He vuelto después muchas veces a Machu Picchu. Varias de ellas acompañando grupos de El País Viajes. Y siempre, en todos los grupos, sean de la edad que sean, varias personas se emocionan y lloran cuando, tras pasar la puerta de acceso y llevarlos por un sendero concreto, diciéndoles que no levanten la vista del suelo y que no miren para los lados, les digo que alcen por fin la cabeza en el mirador desde donde se tiene la mejor y más fotogénica visión de la ciudadela. No falla. Y es que es uno de los lugares más bellos del mundo; no tanto por las ruinas en sí, sino por su emplazamiento. Por el decorado de ceja de selva que envuelve un enclave lleno de energía y magia.
Hay más ciudadelas incas o preincaicas en los Andes (Choquequirao, Kuélap), pero esta, a los pies del Huayna Picchu, es, sin duda la más deseada, el más famoso yacimiento arqueológico de América Latina. También el que más misterios entraña aún. Los arqueólogos no terminan de concretar la función que tenía esta ciudad de enormes piedras de granito encajadas de forma imposible, levantada en uno de esos parajes más espectaculares e inaccesibles del valle del Urubamba.
Machu Picchu está dividido en dos sectores: el agrícola, con una vasta red de andenes o terrazas artificiales, y el urbano, con construcciones como el Templo del Sol. Debido a su estratégica ubicación en la cima de una alta montaña, existen diversas teorías sobre lo que pudo significar para los incas. De las más aceptadas es que fue un importante centro ceremonial y agrícola mandado construir por el inca Pachacútec, cuyas zonas de cultivo surtían a Cuzco de productos selváticos que no crecían bien en la capital, como las hojas de coca, tan importantes en la cultura andina.

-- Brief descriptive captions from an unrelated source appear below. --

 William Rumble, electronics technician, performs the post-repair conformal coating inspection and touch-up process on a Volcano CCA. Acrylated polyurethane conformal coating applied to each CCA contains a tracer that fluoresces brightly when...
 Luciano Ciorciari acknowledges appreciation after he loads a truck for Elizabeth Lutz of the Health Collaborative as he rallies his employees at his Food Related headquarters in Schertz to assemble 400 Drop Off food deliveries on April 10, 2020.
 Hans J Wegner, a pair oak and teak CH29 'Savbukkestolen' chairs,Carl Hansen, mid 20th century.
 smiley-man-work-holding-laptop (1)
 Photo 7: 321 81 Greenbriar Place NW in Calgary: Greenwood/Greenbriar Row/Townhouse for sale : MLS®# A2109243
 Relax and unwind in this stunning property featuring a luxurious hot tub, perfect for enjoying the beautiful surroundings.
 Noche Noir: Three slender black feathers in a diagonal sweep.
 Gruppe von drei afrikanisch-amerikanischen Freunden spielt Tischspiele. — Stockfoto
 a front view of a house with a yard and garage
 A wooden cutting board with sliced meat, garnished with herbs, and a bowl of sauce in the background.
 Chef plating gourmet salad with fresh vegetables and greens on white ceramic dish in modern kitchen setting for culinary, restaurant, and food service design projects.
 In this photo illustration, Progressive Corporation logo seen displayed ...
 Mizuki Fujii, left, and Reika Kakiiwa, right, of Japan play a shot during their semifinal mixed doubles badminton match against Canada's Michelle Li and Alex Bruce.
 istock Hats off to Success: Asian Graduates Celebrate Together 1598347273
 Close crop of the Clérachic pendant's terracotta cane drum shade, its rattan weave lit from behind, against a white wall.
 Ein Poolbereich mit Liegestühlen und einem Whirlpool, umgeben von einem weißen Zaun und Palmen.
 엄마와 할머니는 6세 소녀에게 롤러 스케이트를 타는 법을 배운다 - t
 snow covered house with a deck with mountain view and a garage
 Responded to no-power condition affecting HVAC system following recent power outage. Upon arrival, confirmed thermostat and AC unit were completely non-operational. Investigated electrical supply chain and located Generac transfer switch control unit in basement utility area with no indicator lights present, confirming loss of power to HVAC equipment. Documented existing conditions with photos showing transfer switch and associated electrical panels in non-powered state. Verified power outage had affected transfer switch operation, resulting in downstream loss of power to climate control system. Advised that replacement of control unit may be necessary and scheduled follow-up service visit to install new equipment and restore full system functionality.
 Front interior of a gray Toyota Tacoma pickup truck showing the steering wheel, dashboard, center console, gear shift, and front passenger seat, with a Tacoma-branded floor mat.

Lo único que sabemos seguro es que los españoles nunca supieron de ella. Y que el primero que la documentó fue el arqueólogo y aventurero estadounidense Hiram Bingham, en 1911. Una guía que me acompañaba una vez me dio una teoría inapelable. “¿Le cuento por qué sabemos a ciencia cierta que los españoles no la conocieron? Porque no hay ninguna iglesia”. Una lógica aplastante.